The arrows above represent pointers in C.

Suppose I have a hard-linked file: abc.txt linked to def.txt.  Recall a
hardlink is another name for the same inode.  And let's say that someone has
looked up the abc.txt name as well as the def.txt name.  We need to have two
dentries in the dcache:

D1 "abc.txt" D2 "def.txt"

Both need to point to the SAME inode in memory:

D1 -> I <- D2

The dcache thus caches both dentries and inodes.  But like any cache, it has
limited space and items have to be evicted to make room for new items.

Suppose I had

D -> I

And I just removed (free'd, deallocated) that 'I' from memory to make room?!
This could result in a "dangling pointer", a ptr that points to an invalid
structure.  This is no different than a user-land bug called "use after
free".  Bad corruptions could happen when that freed memory starts getting
used for something else.  Kernel bugs are much more severe than user level
bugs.

So we need a way to track which objects that are linked together are in use,
how much use, and when they're no longer used.  Indeed, we use reference
counters (RC) to track the "lifetime" of various objects.

* Refcounts

Assume X -> Y.

When an object (e.g., Y) has someone else (e.g., X) pointing to it, then the
pointed-to object has to have a refcount INCREASED by 1.  When the
link/pointer b/t the two objects is broken/removed, then the pointer-to
object has to have its refcount DECREASED by 1.

Objects can be freed when their refcount (RC) reaches 0: meaning that there
are no more "users" of this object.

The responsibility of maintaining the RCs is on the one object that
makes/removes the pointer.  In the above example, it has to be the code
where 'X' is creating a pointer to Y.  However, the RC counter must be
stored inside the destination object -- Y.

* RC examples inside the VFS

D (RC=0) -> I (RC=1)

Meaning: we cannot remove I from memory, but we CAN remove D from memory.
If we remove D from memory, the structure would look like:

I (RC=0)

And *now* I can also remove this 'I' from memory.

Hardlink example:

D1 (RC=0) -> I (RC=2) <- D2 (RC=0)

If I remove one dentry, say D2, then I's RC has to decrease by 1:

D1 (RC=0) -> I (RC=1)

Using refcounts allows for easier management of collection of objects.  You
can defer the actual "garbage collection" of objects with RC=0 till later.
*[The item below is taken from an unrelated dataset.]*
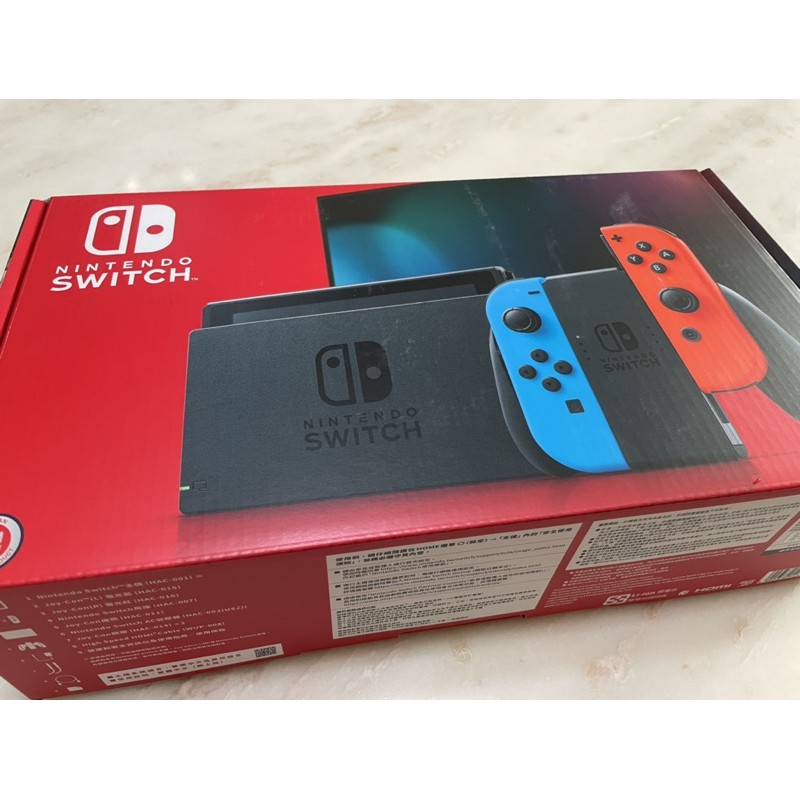 自售【Nintendo 任天堂】Switch新型續航力加強版主機 電光紅 電光藍(台灣公司貨).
After opening a file, I'll get

F (RC=1) -> D (RC=1) -> I (RC=1)

What's the RC of F?  It may look like a 0, but in fact it is a 1.  Suppose I
have this piece of code:

int fd; fd = open("abc.txt", O_RDONLY); if (fd < 0) // failed {
perror("abc.txt"); // will printf an error msg with ERRNO string exit(1); }
// if gets here, open() succeeded, so I have a valid fd >= 0

The "int fd" in userland, has to be connected to a 'struct file' in the
kernel.  That connection is made in a process/task table.  In linux:

struct task {
	// Lots of field
	struct file *open_files[MAX_FD];
	// Q: what is in open_files[0], open_files[1], and open_files[2]?
	// A: stdin (fd 0), stdout (fd 1), and stderr (fd 2)
	// an array of all struct file pointers for open files/dirs for THIS
	// process or task.
}

So, e.g., if in above C code, open() returned the number 4. That means that
slot #4 (recall we count from 0) in task->open_files[4] is pointing to the
file struct in question.

task->open_files[fd given to user] -> F (RC=1) -> D (RC=1) -> I (RC=1)

Sometimes you see a file struct F with RC=2 or more?  What happens inside
the kernel is that the same POINTER to the same struct file, is added into a
different slot inf open_files[] array.

What syscall can do that? dup(2) or dup2().

Sometimes you'll have F1 -> D, and F2 -> D (the same D, whose RC=2).  That
happens if you open(2) the same file twice, so you get 2 fds, each w/ its
own separate struct F.  Why have two different struct file's?  Maybe you
want one opened with readonly mode, and another in read/write mode?  Maybe
you have two threads that each need to access the file at different offsets,
so each struct file can maintain its own offset this way.